### How to complete this task
Reproduce the whole listing exactly and let no picture into the copy.

### Collected material
○ ○ ○

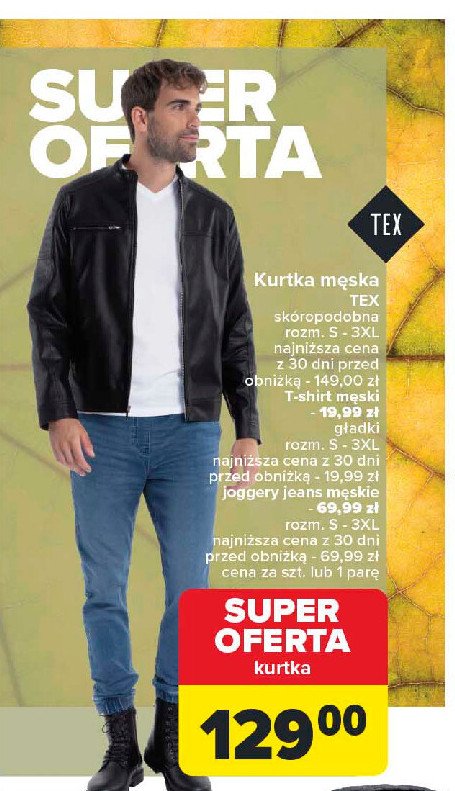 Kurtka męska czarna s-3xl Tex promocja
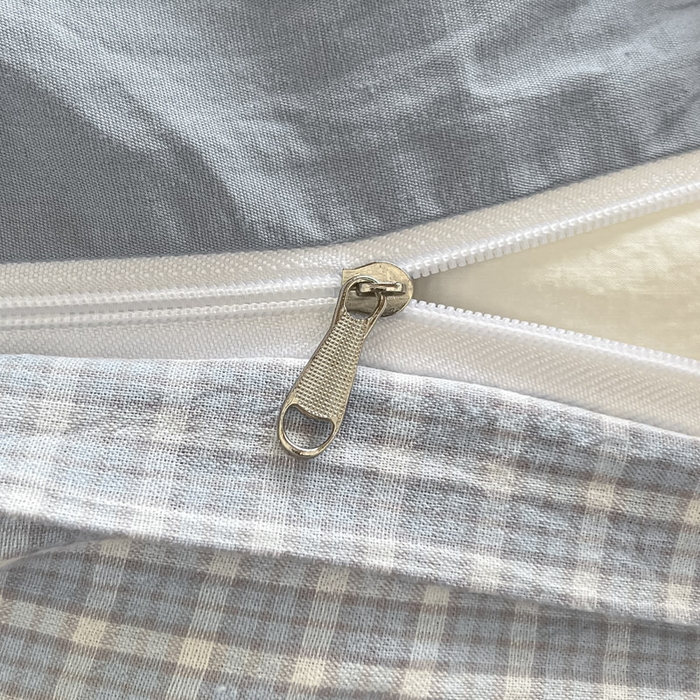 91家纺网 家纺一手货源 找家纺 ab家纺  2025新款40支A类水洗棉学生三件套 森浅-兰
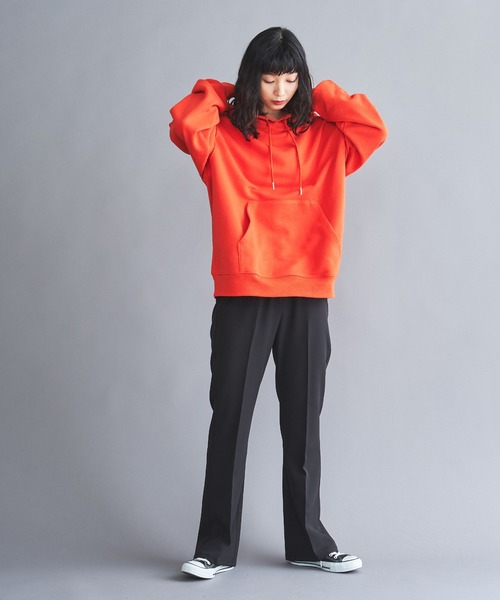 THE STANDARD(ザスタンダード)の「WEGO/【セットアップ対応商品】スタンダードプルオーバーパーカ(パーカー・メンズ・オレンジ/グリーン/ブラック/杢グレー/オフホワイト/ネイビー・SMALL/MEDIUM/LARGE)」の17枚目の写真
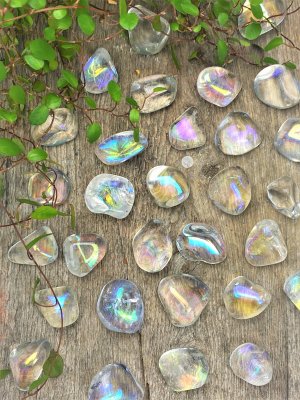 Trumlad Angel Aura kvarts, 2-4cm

○ ○ ○

### Response to the exercise
 Kurtka męska czarna s-3xl Tex promocja
 91家纺网 家纺一手货源 找家纺 ab家纺  2025新款40支A类水洗棉学生三件套 森浅-兰
 THE STANDARD(ザスタンダード)の「WEGO/【セットアップ対応商品】スタンダードプルオーバーパーカ(パーカー・メンズ・オレンジ/グリーン/ブラック/杢グレー/オフホワイト/ネイビー・SMALL/MEDIUM/LARGE)」の17枚目の写真
 Trumlad Angel Aura kvarts, 2-4cm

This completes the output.